Em troca de parte da nossa soberania recebemos subsídios. Com a liberdade de circulação de pessoas e mercadorias ganhamos a possibilidade de comprar os produtos produzidos nos países da Europa Central. Na prática, pagaram ao agricultor português para não produzir e construíram autoestradas. O agricultor comprou um BMW e nós passamos a comprar maçãs à Espanha. Poderá dizer-se que fomos ingénuos. É verdade que vivemos acima das nossas possibilidades mas também era isso que eles queriam.
Em conclusão, nós não somos mais do que 10 milhões de consumidores. E nada foi dado de graça. Agora, como isso não chega, atacam o Estado como um todo.
A estratégia é perversa e cada vez mais evidente. O recente governo português procura com toda a sua força elaborar um Orçamento de Estado difícil mas que dê alguma esperança aos portugueses, no entanto tem que sofrer os ataques do ministro das finanças alemão, que nem um cão de fila do IV Reich insinua a preocupação com o rumo de Portugal fazendo os mercados disparar as taxas de juro. Estas declarações têm tanto de irresponsável como de maquiavélico, mostrando uma enorme falta de solidariedade e um ataque à autodeterminação de Portugal.
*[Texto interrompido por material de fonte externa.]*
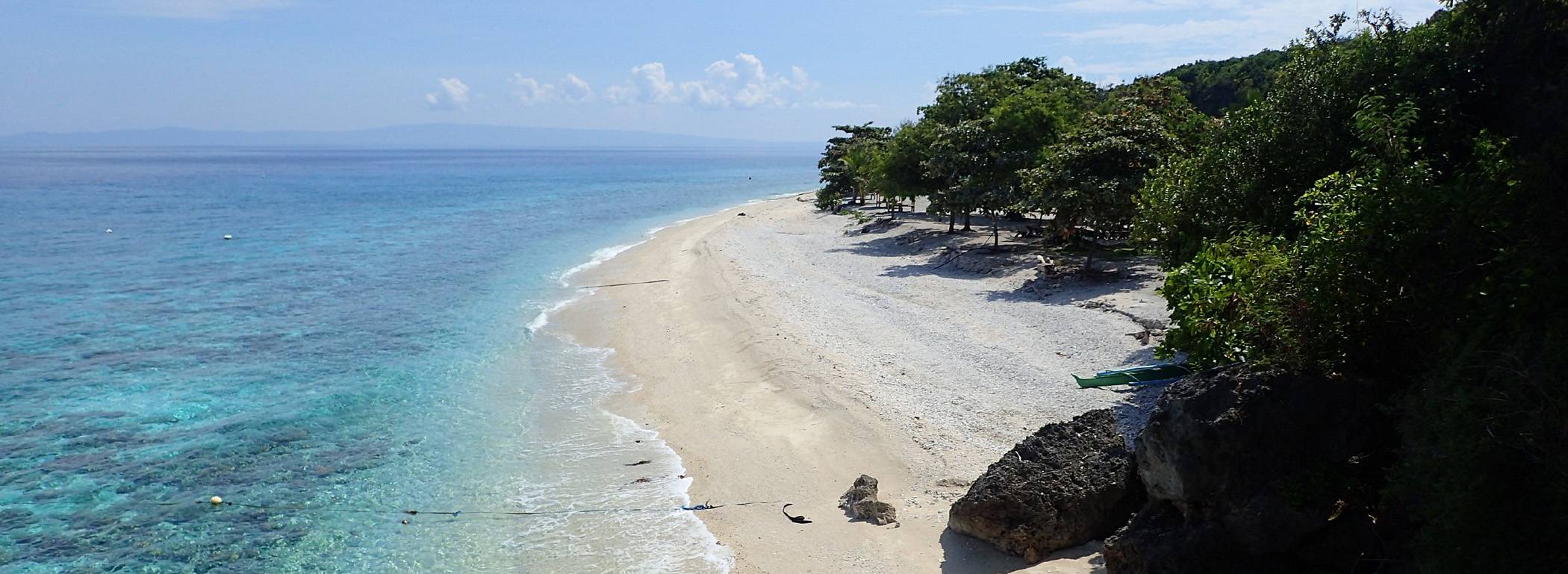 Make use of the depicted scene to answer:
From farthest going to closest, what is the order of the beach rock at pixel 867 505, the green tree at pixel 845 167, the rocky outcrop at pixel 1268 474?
the green tree at pixel 845 167
the beach rock at pixel 867 505
the rocky outcrop at pixel 1268 474

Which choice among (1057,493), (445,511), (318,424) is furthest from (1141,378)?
(318,424)

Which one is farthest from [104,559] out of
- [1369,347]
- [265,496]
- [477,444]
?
[1369,347]

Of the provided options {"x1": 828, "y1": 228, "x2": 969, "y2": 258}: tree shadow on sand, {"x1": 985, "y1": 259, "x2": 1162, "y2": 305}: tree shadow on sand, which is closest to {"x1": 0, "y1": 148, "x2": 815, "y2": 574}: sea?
{"x1": 985, "y1": 259, "x2": 1162, "y2": 305}: tree shadow on sand

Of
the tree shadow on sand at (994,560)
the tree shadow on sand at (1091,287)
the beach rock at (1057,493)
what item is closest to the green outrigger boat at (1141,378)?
the beach rock at (1057,493)

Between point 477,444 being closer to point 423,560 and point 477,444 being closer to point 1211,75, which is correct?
point 423,560

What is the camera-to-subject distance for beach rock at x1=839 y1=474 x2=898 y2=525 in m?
11.4

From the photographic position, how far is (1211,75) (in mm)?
77562

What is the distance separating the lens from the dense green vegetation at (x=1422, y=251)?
19.9ft

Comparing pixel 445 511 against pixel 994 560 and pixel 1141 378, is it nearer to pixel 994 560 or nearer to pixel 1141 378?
pixel 994 560

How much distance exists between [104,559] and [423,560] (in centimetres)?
423

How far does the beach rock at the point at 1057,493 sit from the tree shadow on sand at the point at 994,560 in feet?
0.27

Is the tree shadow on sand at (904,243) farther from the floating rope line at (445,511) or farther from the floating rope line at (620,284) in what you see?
the floating rope line at (445,511)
A Europa continua sem rumo definido, a não ser o enriquecimento de alguns países e instituições. Problemas sociais continuam por resolver como a questão dos refugiados. A Europa precisa de mudar ou o fim será triste, particularmente para Portugal.
Ironia do destino: parece que o Deutsche Bank anunciou perdas de 6000 milhões de euros sabendo-se que detém derivados no valor de 65 triliões, umas vinte vezes o PIB alemão. E que foi condenado a pesadas multas por manipulação de mercado. É caso para dizer “faz o que eu digo e não faças o que eu faço”.